What is the element and where do I get one?
Ken Robinson explains his use of the term the Element:
I use the term the Element to describe the place where the things we love to do and the things we are good at come together. I believe it is essential that each of us find his or her Element, not simply because it will make us more fulfilled but because, as the world evolves, the very future of our communities and institutions will depend on it. (xiii)
Reflecting on this, I ask myself questions like, “In what ways am I in my Element?” and “Is my classroom a place where every single student in the room is able to be in his or her Element?” and “Are my colleagues in their Elements?”
Are you in your element?
This morning, Will Richardson blogged about Robinson’s book. It is a great blog post that you can check out here. Reading it got me thinking: How many educators are reading Robinson’s The Element ? I wonder about this because I think that Robinson’s text asks us to find that space within which both our talents and our passions connect – and get there. (You can check out WordPress blogs with the tag Ken Robinson to get a sense of the numbers of people out there who are reading and synthesizing the text) If we are teachers and the element isn’t the learning environment within which we work with kids from day to day, then something is dreadfullly wrong.
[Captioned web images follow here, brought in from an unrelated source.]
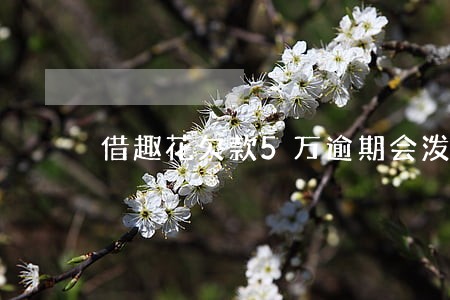 借趣花欠款5万逾期会泼油漆吗 借趣花欠款5万逾期会泼油漆吗
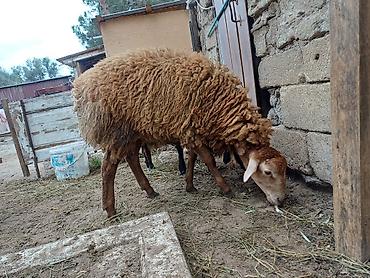 dişi quzu: Dişi, il: 8, 45 kq, Damazlıq, Ödənişli çatdırılma — 3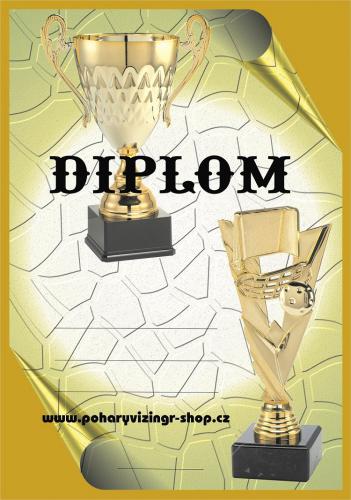 Florbal diplom A4 �.17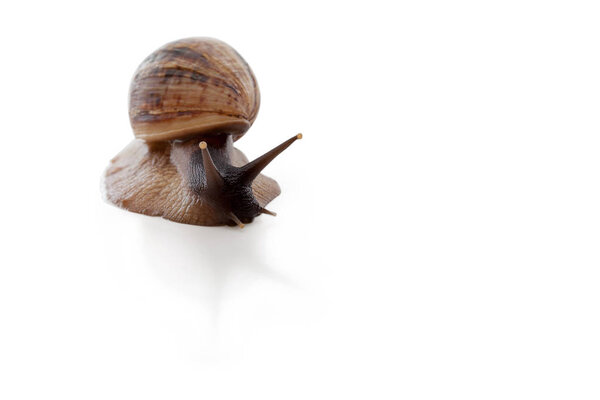 Achatina reticulata with dark head on a white background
In his post this morning, Richardson says,
Teachers are learners. If they’re not, they shouldn’t be teachers. In a world where we can engage in our passions through the affordances of connective technologies online, we need to be thinking about how to personalize the learning of the adults in the room as well as the kids. This is not the easy route, by any stretch, but it’s the best route if we’re serious about moving the education of our kids to a different place.
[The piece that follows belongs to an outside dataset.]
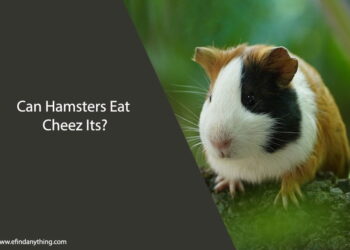 Can Hamsters Eat Cheez Its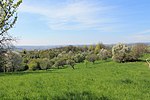 Vorschaubild für Wernau (Neckar) (Landschaftsschutzgebiet)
Teachers need to be learners. Absolutely. And personalized learning is essential. I agree on all of those points. The question that I have is: What are the roles in terms of ensuring that personalized professional development is available to us? As an educator, I need to ensure that I am seeking out opportunities to extend my own learning and keep me in my Element. These past 2 days at #expbound saw a room full of educators, all at different points along the web 2.0/social networking/collaborating continuum, come together to learn with Richardson. Although I know that the sessions were overwhelming for many of the attendees, but I also witnessed
Transformation in Education
I’m optimistic that change is happening. But it feels slow and I am not sure that it is nearing the level of transformation – what Robinson advocates for in The Element. I find myself wondering how I can go beyond my own learning to work towards that transformation within my district? Big questions after these 2 days. Thoughts in process, for sure.